In chronic nonspecific lung diseases, pulmonary hypertension can be reduced with the help of such medications6

  • slow calcium channel blockers
  • aminophylline
  • nitrates

But they do not affect the life expectancy of people with PH, which was proven by studies no more than 20-30 years ago. It is possible to reduce PH and increase life expectancy with long-term low-flow oxygen therapy.

Taking diuretics reduces the severity of right ventricular failure. But when prescribing, some caution is needed, because in patients with pulmonary hypertension, large diuresis can reduce the preload on the right ventricle and cardiac output will decrease. A relevant drug is furosemide, which is prescribed at a dose of 20-40 mg per day. Taken orally. Hydrochlorothiazide is also effective at a dose of 50 mg/day orally.

Slow calcium channel blockers are used to reduce pulmonary artery pressure in patients with established pulmonary hypertension. The effect is exerted by nifedipine at a dose of 30-240 mg/day or diltiazem at a dose of 120-900 mg/day.

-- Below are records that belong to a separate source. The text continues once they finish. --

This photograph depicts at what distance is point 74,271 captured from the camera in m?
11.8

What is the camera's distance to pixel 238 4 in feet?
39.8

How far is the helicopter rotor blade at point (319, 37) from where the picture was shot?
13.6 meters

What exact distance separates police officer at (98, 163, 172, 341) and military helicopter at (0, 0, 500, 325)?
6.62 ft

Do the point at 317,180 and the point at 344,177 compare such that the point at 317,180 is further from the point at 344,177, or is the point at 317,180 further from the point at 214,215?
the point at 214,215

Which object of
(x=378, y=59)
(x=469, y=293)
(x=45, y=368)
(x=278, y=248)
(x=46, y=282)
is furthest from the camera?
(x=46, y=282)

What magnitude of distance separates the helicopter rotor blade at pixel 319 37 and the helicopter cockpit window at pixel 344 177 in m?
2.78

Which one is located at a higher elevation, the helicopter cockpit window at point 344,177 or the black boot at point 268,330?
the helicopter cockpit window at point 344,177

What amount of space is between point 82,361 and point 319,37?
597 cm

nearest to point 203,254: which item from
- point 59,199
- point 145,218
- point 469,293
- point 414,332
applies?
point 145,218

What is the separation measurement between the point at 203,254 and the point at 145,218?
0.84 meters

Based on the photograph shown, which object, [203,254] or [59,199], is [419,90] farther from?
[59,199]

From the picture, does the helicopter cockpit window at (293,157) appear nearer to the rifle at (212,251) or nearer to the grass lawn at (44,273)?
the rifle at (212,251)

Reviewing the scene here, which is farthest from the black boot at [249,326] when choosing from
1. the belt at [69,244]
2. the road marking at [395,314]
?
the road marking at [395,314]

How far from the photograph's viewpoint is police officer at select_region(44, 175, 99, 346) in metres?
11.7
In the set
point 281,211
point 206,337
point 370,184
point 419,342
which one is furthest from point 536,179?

Cardiac glycosides are not effective drugs for the treatment of patients with PH. They can be used in small doses for atrial fibrillation to slow the heart rate. It should be taken into account that in patients with PH, glycoside intoxication develops faster as a result of hypoxemia and hypokalemia during diuretic therapy.

If drug treatment does not produce results, lung or heart-lung transplantation is recommended.

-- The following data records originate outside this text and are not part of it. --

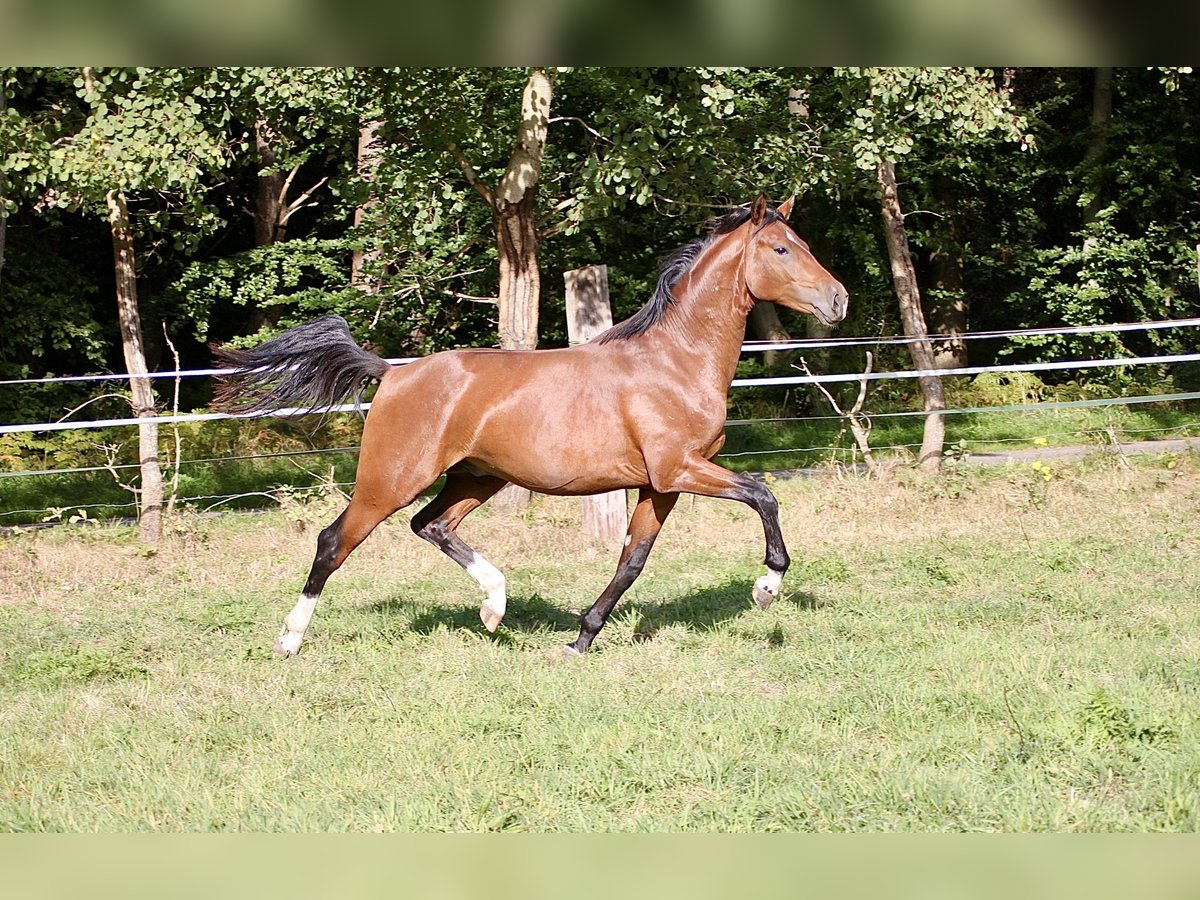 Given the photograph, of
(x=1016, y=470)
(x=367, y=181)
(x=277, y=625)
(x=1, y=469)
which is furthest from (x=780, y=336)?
(x=277, y=625)

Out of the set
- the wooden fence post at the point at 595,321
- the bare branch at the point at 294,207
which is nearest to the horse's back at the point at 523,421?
the wooden fence post at the point at 595,321

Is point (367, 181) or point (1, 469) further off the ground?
point (367, 181)

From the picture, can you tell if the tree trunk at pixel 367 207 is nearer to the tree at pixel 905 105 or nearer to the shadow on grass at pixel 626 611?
the tree at pixel 905 105

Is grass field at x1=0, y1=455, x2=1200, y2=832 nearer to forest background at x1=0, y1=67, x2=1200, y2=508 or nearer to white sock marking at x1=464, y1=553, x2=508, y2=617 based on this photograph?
white sock marking at x1=464, y1=553, x2=508, y2=617

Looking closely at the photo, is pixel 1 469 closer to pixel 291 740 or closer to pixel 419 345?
pixel 419 345

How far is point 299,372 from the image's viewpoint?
6512mm

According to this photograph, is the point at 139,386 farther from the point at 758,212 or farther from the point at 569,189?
the point at 758,212

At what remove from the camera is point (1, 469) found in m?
14.4

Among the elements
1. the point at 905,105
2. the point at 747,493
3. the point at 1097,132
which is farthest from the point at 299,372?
the point at 1097,132

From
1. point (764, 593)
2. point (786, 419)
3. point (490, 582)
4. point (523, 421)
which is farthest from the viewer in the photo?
point (786, 419)

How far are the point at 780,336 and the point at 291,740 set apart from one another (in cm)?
1517

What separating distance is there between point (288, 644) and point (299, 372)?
155 centimetres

Degrees of pulmonary hypertension by pressure

Doctors at the Yusupov Hospital use echocardiography or cardiac catheterization to determine the severity of the disease. There are three degrees of severity of pulmonary hypertension:

  • Increase in pressure in the pulmonary artery by 25 - 45 mmHg. Art. Indicates stage I of the disease;
  • Increase in pressure by 45-65 mmHg. Art. – pulmonary hypertension II degree;
  • An increase in pressure of more than 65 mm Hg. Art. – pulmonary hypertension stage III.

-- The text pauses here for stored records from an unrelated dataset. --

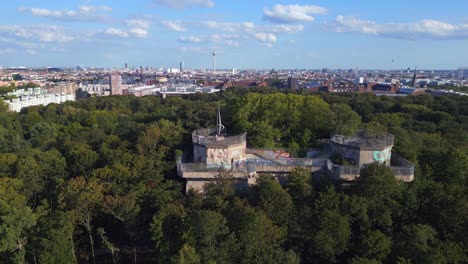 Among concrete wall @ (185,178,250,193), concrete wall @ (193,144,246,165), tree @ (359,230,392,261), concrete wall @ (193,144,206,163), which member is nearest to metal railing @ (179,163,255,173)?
concrete wall @ (185,178,250,193)

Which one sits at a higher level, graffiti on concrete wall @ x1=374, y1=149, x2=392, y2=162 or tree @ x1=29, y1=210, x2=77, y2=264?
graffiti on concrete wall @ x1=374, y1=149, x2=392, y2=162

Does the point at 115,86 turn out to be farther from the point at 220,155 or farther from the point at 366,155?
the point at 366,155

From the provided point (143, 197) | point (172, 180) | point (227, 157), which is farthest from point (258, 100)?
point (143, 197)

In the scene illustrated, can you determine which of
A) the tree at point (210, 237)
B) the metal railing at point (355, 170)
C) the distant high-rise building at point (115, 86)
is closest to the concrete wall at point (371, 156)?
the metal railing at point (355, 170)

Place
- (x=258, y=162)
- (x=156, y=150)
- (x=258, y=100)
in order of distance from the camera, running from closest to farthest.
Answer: (x=258, y=162) < (x=156, y=150) < (x=258, y=100)

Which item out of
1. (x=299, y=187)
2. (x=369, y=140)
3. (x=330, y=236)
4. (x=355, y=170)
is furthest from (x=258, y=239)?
(x=369, y=140)

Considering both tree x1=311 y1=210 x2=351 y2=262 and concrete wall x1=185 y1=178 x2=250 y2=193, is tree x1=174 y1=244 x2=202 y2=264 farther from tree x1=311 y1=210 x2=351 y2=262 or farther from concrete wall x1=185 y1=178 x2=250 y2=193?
concrete wall x1=185 y1=178 x2=250 y2=193

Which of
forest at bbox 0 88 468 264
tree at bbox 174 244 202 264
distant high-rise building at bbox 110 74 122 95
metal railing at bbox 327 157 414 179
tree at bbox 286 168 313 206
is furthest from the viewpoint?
distant high-rise building at bbox 110 74 122 95

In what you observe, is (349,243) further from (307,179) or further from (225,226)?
(225,226) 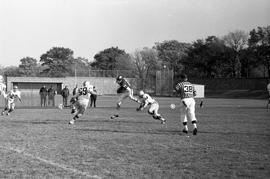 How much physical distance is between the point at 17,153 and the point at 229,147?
5533 mm

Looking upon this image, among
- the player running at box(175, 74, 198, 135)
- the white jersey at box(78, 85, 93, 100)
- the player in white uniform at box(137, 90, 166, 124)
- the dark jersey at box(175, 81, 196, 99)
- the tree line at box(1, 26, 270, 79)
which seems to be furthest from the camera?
the tree line at box(1, 26, 270, 79)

Pulmonary hypertension syndrome is also classified depending on the observed clinical picture. In this case, 4 classes are distinguished:

  • Class I: patients do not experience a decrease in physical activity. Habitual loads do not cause shortness of breath, dizziness, weakness and pain;
  • Class II: patients experience a decrease in physical activity. During normal exercise, the patient experiences dizziness, shortness of breath, chest pain, and weakness. At rest, these symptoms disappear;
  • Class III: the physical activity of patients is significantly impaired. With a slight load, symptoms characteristic of this disease appear;
  • Class IV: significant decrease in activity. Stage 4 pulmonary hypertension is characterized by severe symptoms both at rest and with minimal physical activity.